Chronique. Il fallait y penser ! La Corée du Nord a des plages magnifiques. Idéalement situées, à proximité du marché chinois. Un potentiel d’enfer. « Vue imprenable » : imaginez seulement les copropriétés que l’on peut construire le long de ces plages ! « Vous pourriez avoir les meilleurs hôtels du monde… Pensez-y, en termes d’immobilier. »
C’est le président des Etats-Unis qui vous parle. L’espace d’un instant, emporté par son enthousiasme devant la presse à Singapour, le promoteur immobilier qu’il fut a repris le dessus. Heureux comme un enfant qui vient de lâcher les roulettes de son vélo, si fier d’avoir un exploit à présenter qu’il en a oublié d’insulter les journalistes, Donald Trump a raconté, mardi 12 juin, comment il avait vendu le deal à son nouvel ami, Kim Jong-un, quelques heures plus tôt. En lui montrant sur un iPad, pendant leurs entretiens, une vidéo de 4 minutes 12 secondes pour faire miroiter à quoi ressemblerait la Corée du Nord si elle renonçait à son arsenal nucléaire pour rejoindre le monde civilisé.

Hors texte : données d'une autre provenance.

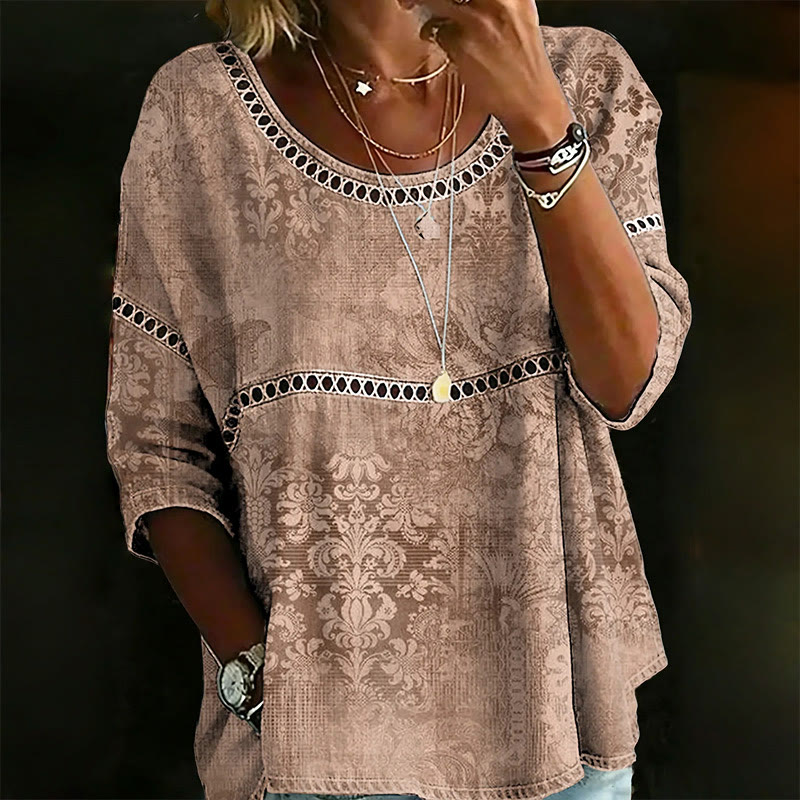 Taupe Vintage Damask Print Openwork Lace Splicing Round Neck Half Sleeve Blouse - Khaki - 4XL - image 1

L’appartement témoin, en quelque sorte. Un monde de gratte-ciel et de grues, de voies ferrées, de technologies futuristes et de têtes de gondole débordant d’opulence. On n’est pas obligé de tout prendre : le modèle existe aussi avec moins d’options, a précisé M. Trump. « Un nouveau monde peut commencer aujourd’hui, conclut sur un ton prophétique la voix off de cette mini-production hollywoodienne, commandée par la Maison Blanche à « Destiny Pictures ». Faites partie de ce monde ! »
Le président Trump a aussi fait admirer au « Chairman Kim » son énorme limousine blindée, « The Beast », histoire de faire fantasmer les gardes du corps sprinteurs du dictateur nord-coréen.
Méthodes diamétralement opposées
Peut-être, après tout, Donald Trump a-t-il trouvé là les bons arguments pour convaincre le maître de Pyongyang de tenir ses promesses. En tout cas, « il a adoré », a assuré le président à propos de la vidéo. Qui sait ? Dans le nouveau monde trumpien, rien n’est plus comme avant. L’analyse diplomatique classique impose inévitablement un regard sceptique sur les chances de réussite d’un sommet aussi historique que spectaculaire, bouclé en un temps record et préparé à la va-vite. La déclaration finale signée par Donald Trump et Kim Jong-un n’est pas un accord mais une déclaration d’intention, qui pose un engagement de principe en vue de la dénucléarisation de la Corée du Nord, sans dicter ni calendrier, ni procédures de vérification, ni critères d’irréversibilité.